The EPA's acceptable health risk is generally one additional cancer case per one million people. In areas near a refinery, the agency allows 30 additional cases per million.
But Houston officials have argued that the standard doesn't adequately protect public health, particularly in East Harris County, which is home to five refineries.
They note that a number of studies have shown underreporting of emissions by factors of as much as 15. The compounded error may be significant in places with more than one refinery.

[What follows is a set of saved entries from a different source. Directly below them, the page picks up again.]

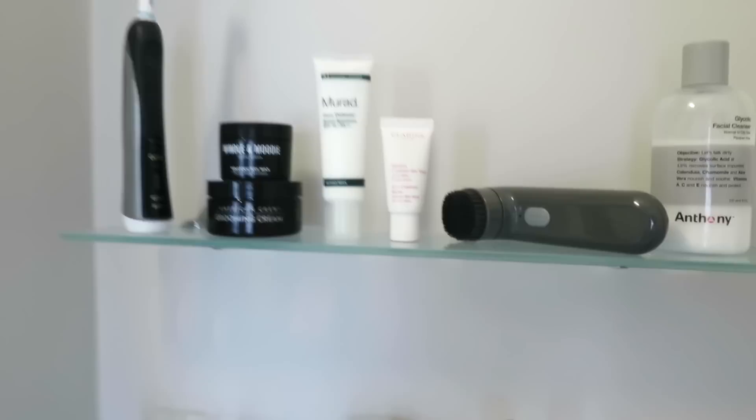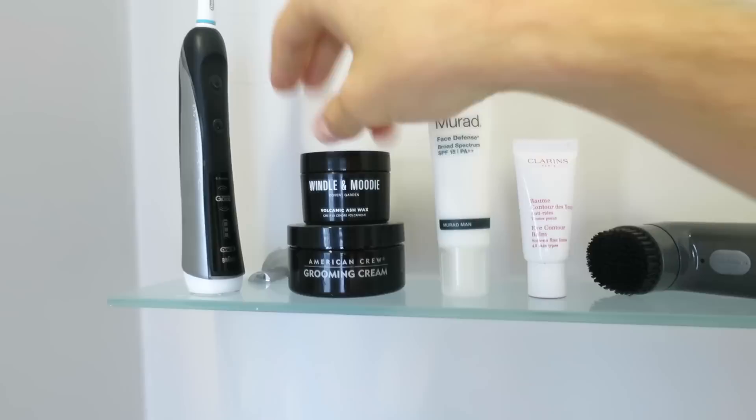I will then do my hair. I'll dry it with a towel first and give it some shape with a blow dryer — just blow the front up a bit. Depending on my mood, I will use one of these. I have grooming cream if I fancy a slightly slicker, more shiny look, and if I want to go matte and textured, then I've got this one here by Wendell & Moody, which is called Volcanic Ashwax.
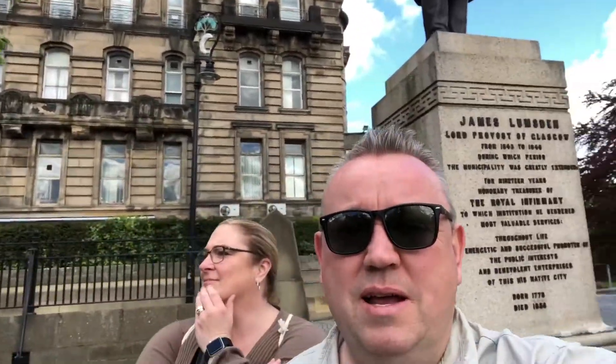So we have arrived at Glasgow Cathedral. It's a little bit bright and I'm squinting again. There's a nice old building, and behind me is the cathedral.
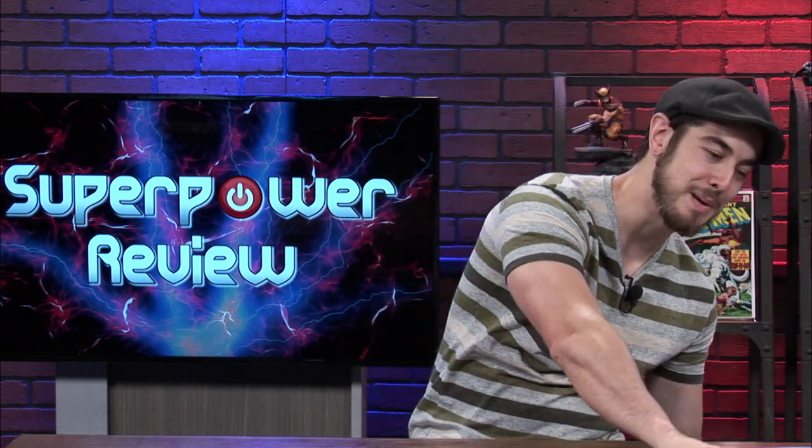On this episode of Superpower Review, I'm going to tell you guys why you should be throwing away your CGC comic book bags and buying BCW's graded Mylar comic book bags. Stick around!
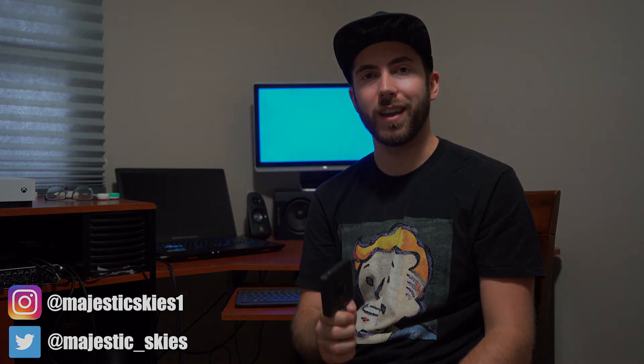Anyway, thank you guys very much for watching this video. Make sure to like, comment, and subscribe for more videos like this.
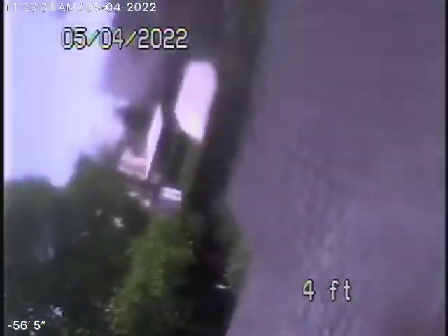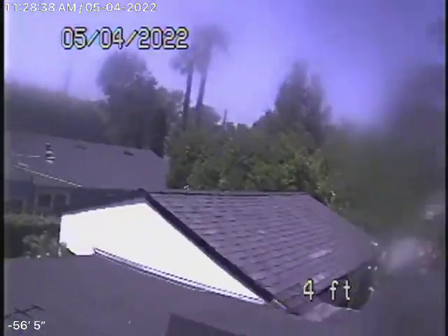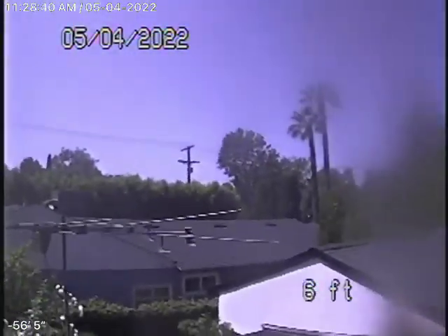You would definitely want to have somebody check the plumbing underneath the house. Let's go over to another van — we're going to try it with the small cameras.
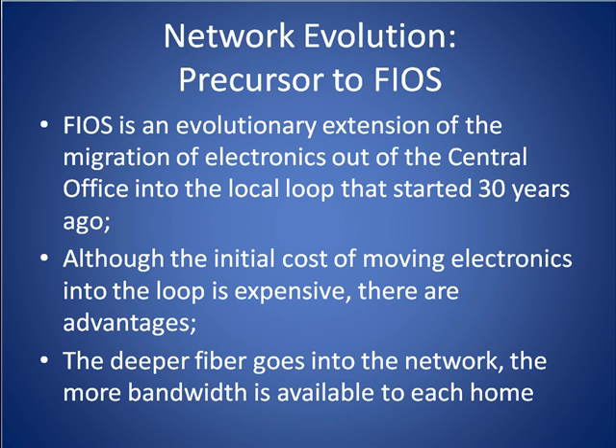Welcome to our Network Evolution Primer. In the next five minutes, we're going to discuss the architectural changes that have taken place over the last 30 years in the Baby Bell's telephone networks that have set the stage for deployment of fiber to the home and fiber to the curb architectures. Specifically, we're going to discuss the advantages of moving the electronics from a Baby Bell central office out into the outside plant.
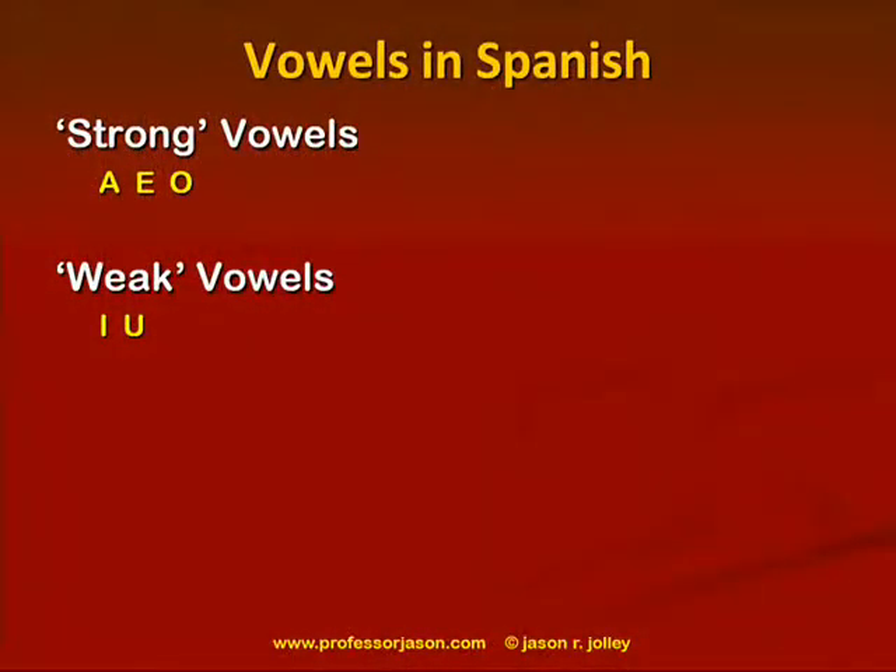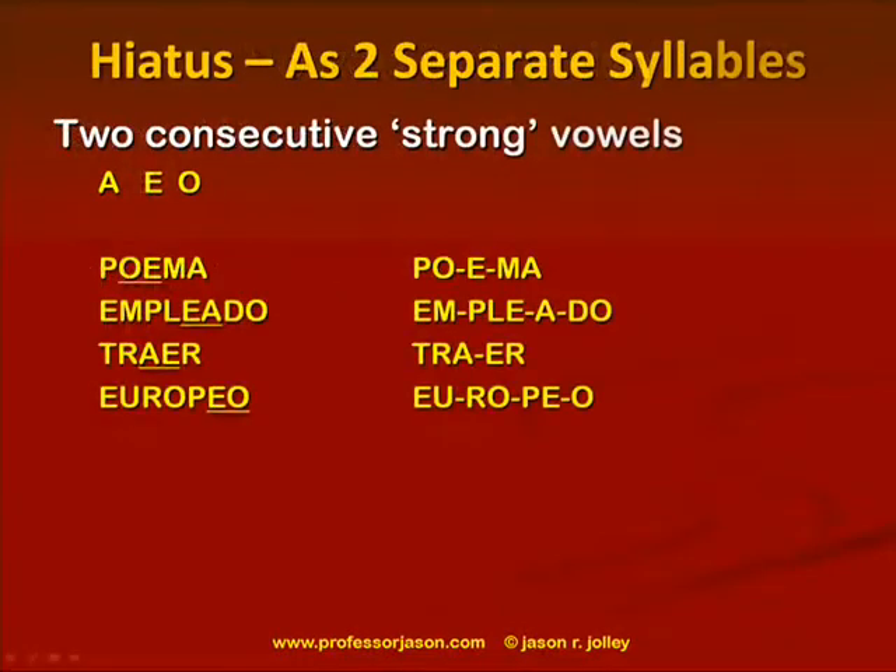I'm going to provide a couple of rules and bunches of examples so that we'll know when to pronounce two vowels distinctly in separate syllables and when to combine them into a single syllable. In Spanish, we have five vowel sounds: a, e, o, and u. On this slide, I have them divided into so-called strong vowels — a, e, o — and weak vowels — i and u. This distinction is very important because it basically determines how to pronounce vowel combinations.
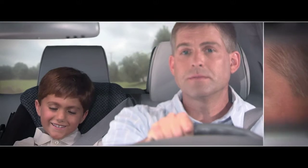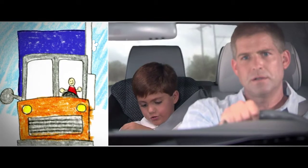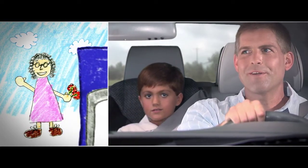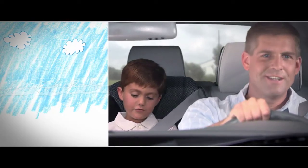Dad, is grandma calling on a truck? Is she on a truck? No, she's on an airplane. Remember, that's why we're going to the airport to pick her up. She's on an airplane. How do airplanes fly?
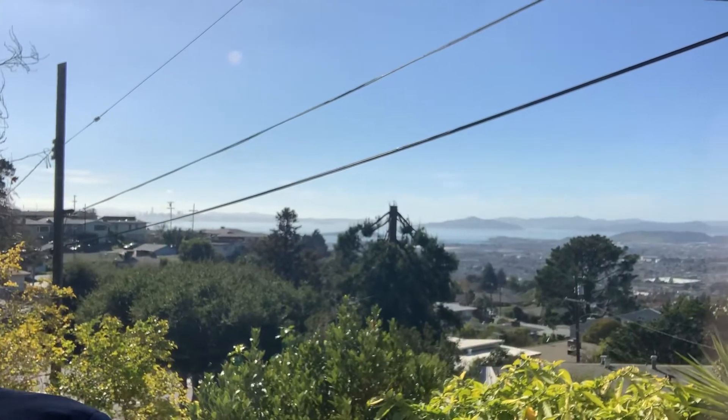Happy Saturday, everybody. Garrett here at 1639 off of Vista Road in Richmond, a great open house. It's a two-bed, one-and-a-half bath. Let me take it off my face and show you this view because this is where the money is at.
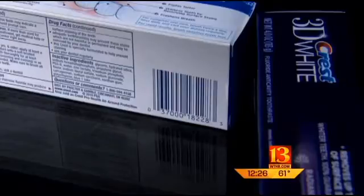Polyethylene. It's a plastic used in all kinds of things — garbage containers, grocery bags, bulletproof vests, even knee replacements. And now, in toothpaste.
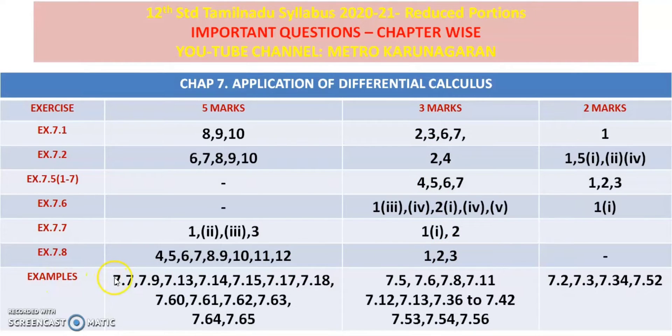Examples: 5 marks — 7.7, 7.9, 7.13, 7.14, 7.15, 7.17, 7.18, 7.60, 7.61, 7.62, 7.63, 7.64, 7.65.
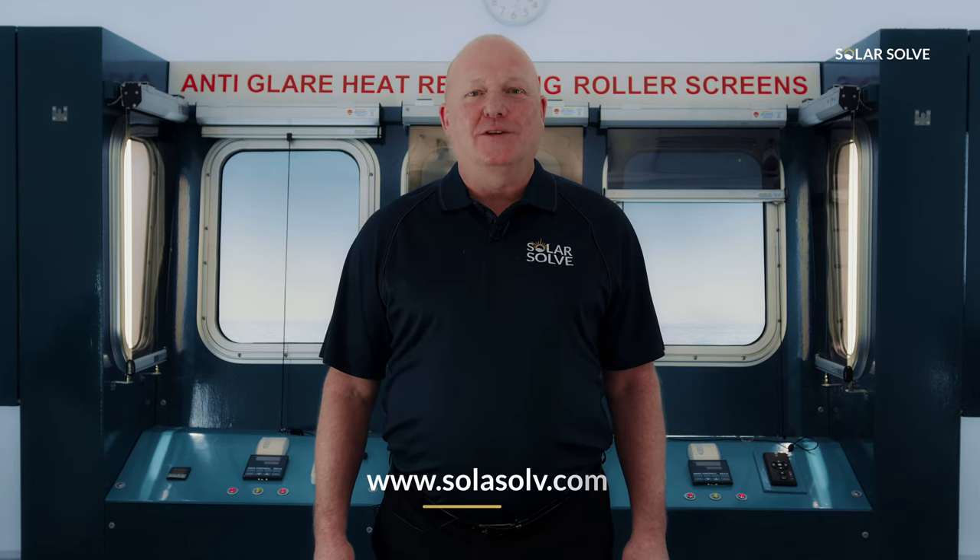If you require any more information about any of our products, then please visit our website at www.solasolve.com.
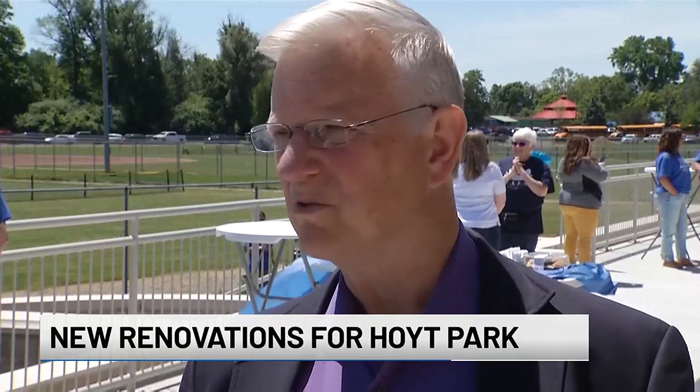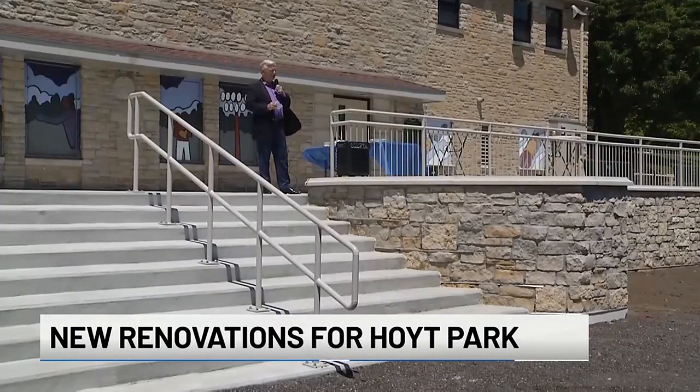And the steps were dangerous. They were in disarray. The money for the renovations came from several local foundations.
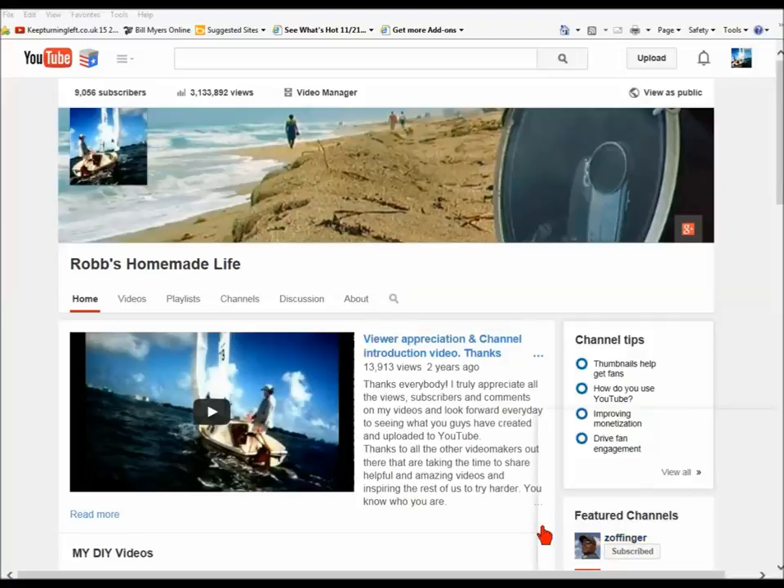Hey, YouTubers, this is Rob Muffet. I haven't done a treasure or metal detecting video in a long time. I was talking to somebody and they wanted me to do a video on the local places you could go here in South Florida to metal detect.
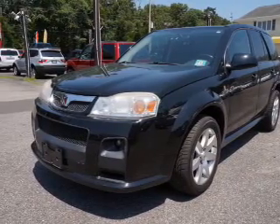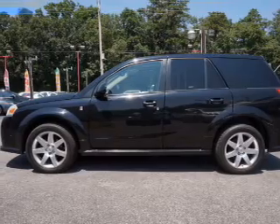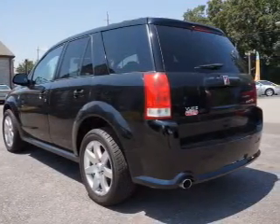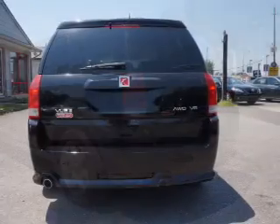The features include a power sunroof, auto-dimming mirrors, keyless entry, power mirrors, daytime running lights, anti-lock brakes, and privacy glass.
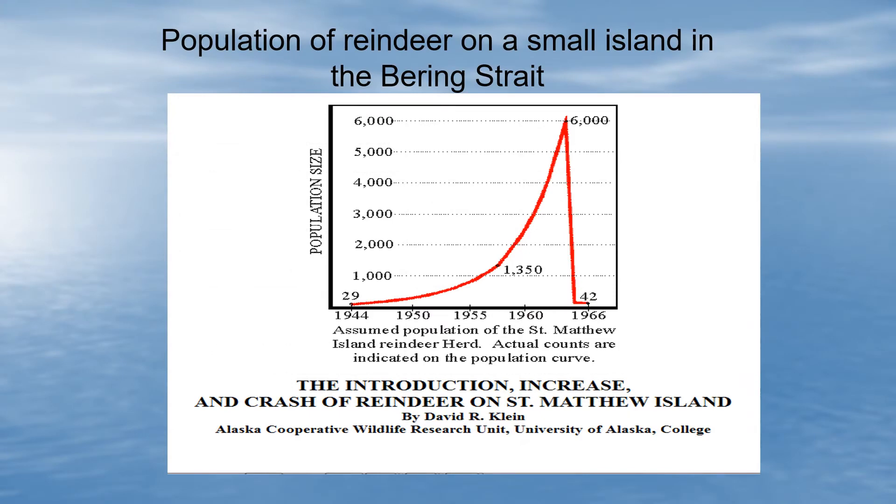I put this slide in to remind us of what can happen in the worst possible case. This is a classic study of reindeer on a small island in the Bering Sea: about 30 of them were introduced in the 1940s, by the 1960s there were 6,000 of them. They greatly exceeded the carrying capacity of the island, then there were a couple of bad years and the population crashed — they went extinct. So we don't want that to happen to humans on Earth.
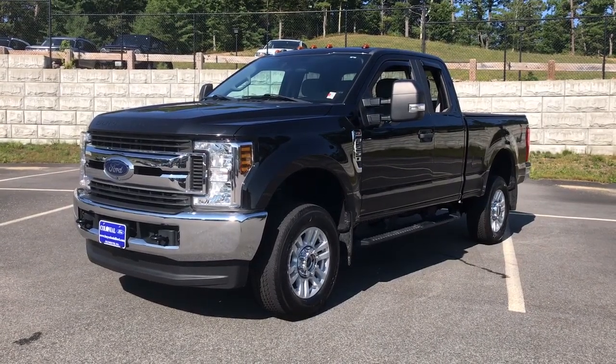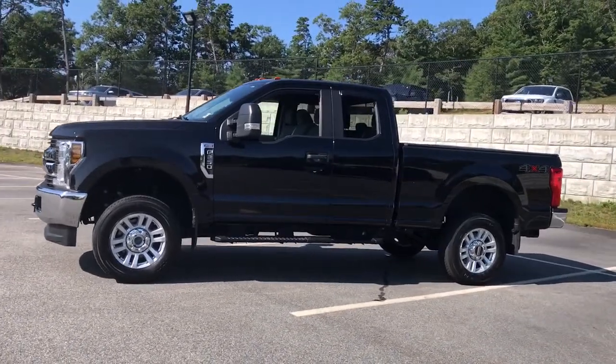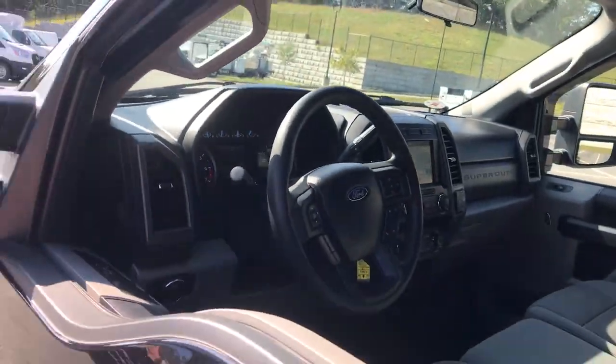You will be amazed by this 2019 Ford F-250. With less than 35,000 miles on the odometer, this vehicle provides excellent value. Get the full-size pickup you can count on.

While Wisconsin has one refinery and Texas has 30, the increased risk to Texans is more than 30 times the risk to Wisconsin's residents because of the concentration of facilities, White said in a letter to the EPA.
The agency said his arguments played a role in the decision to re-evaluate the risks from refinery emissions.
Marks said the reversal is "by far the greatest legacy of our work" in the environmental area. The White administration ends in December because of term limits.
Matthew Tejada, executive director of the Galveston-Houston Association for Smog Prevention, cautioned that the EPA's change in direction represents a first step.
"It sounds good," Tejada said, "but we'll have to see what the EPA proposes."